"Messrs. Calder & Co., who manufacture most of the malt used in their brewings, have malthouses in King Street, near the railway station, as well as on the brewery premises. Those situated in the town, which have a steeping capacity of sixty quarters, are the most important, having been erected by the present firm in 1875. They comprise a double range of buildings, three storeys high, constructed of stone, and of neat elevation. In each range, are two growing floors, and, over them, barley garners and malt bins. The kiln floors are laid with tiles, the furnaces are open choffers, and the heat is dispersed by spark-plates. After a brief inspection of these fine maltings, we returned to the riverside, and looked through those at the brewery, each of which has a steeping capacity of twenty-five quarters. These are also built of stone with slate roofs, and, at the top of one of them, which adjoins the brewery, there is an extensive hop store. In this malting, there is a growing floor, 60 feet in length, the basement of which forms a fine cellar. It also contains screening rooms, five malt bins, holding 450 quarters of malt, and a large malt store, over the mill room. The kilns are similar to those at King Street, being floored with Farnley tiles, and fired by anthracite coal and coke."
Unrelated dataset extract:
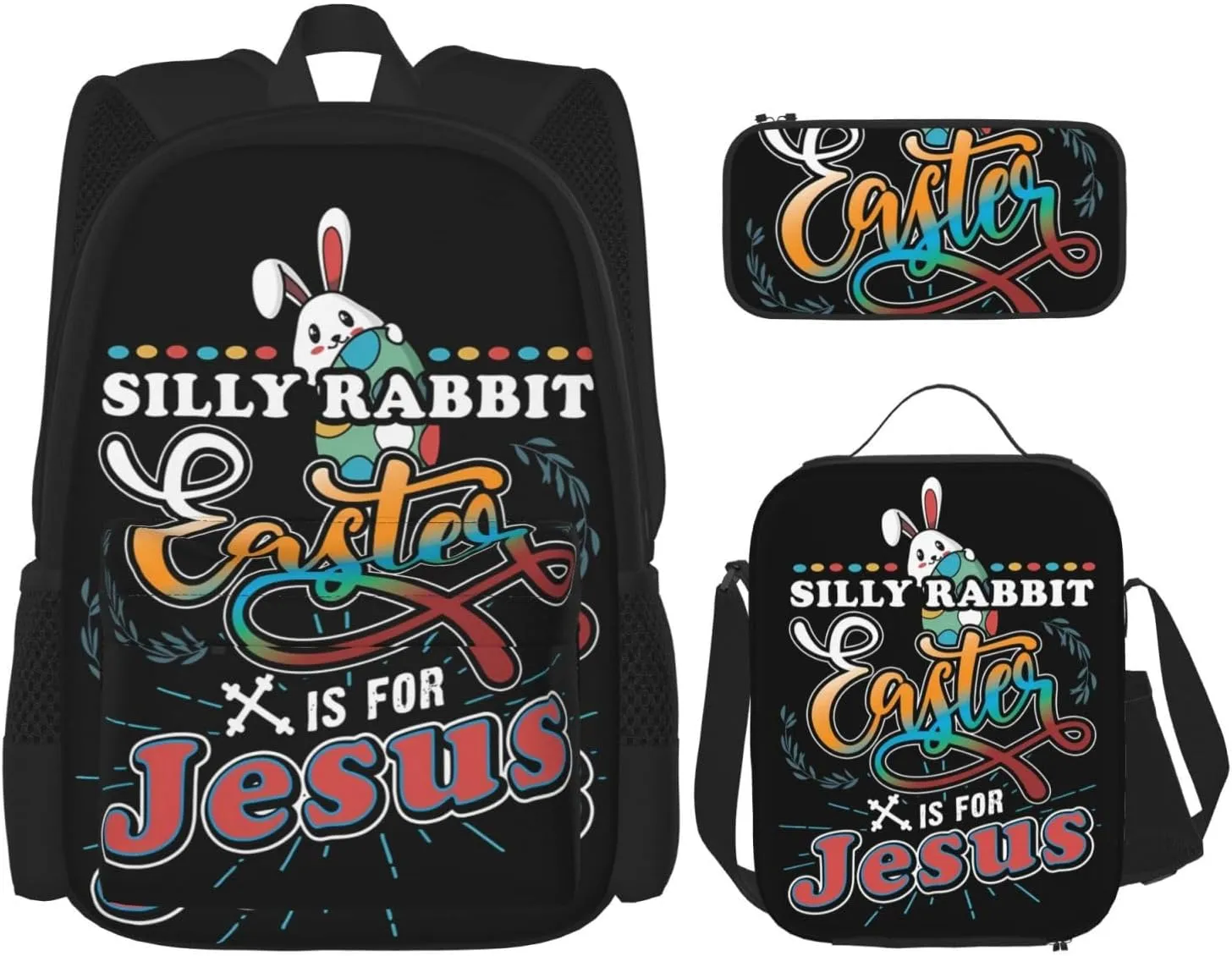 Christian Silly Rabbit Easter is For Jesus Multifunctional Pocket Backpack Crossbody Lunch Bag Pencil Case 3Pcs Set Large Capacity Backpack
"Noted Breweries of Great Britain and Ireland, vol. 4", Alfred Barnard, 1890, page 393.
See that last sentence? In 1890 Calder was kilning using athracite or coke. It's probably fair to assume that they had been doing so since at least the date their new maltings had been built in 1875.
Not that it's any great shock to learn they were using athracite or coke. It would have been odd if they hadn't.
Anyone have a picture of a choffer? I'd like to know what one looked like.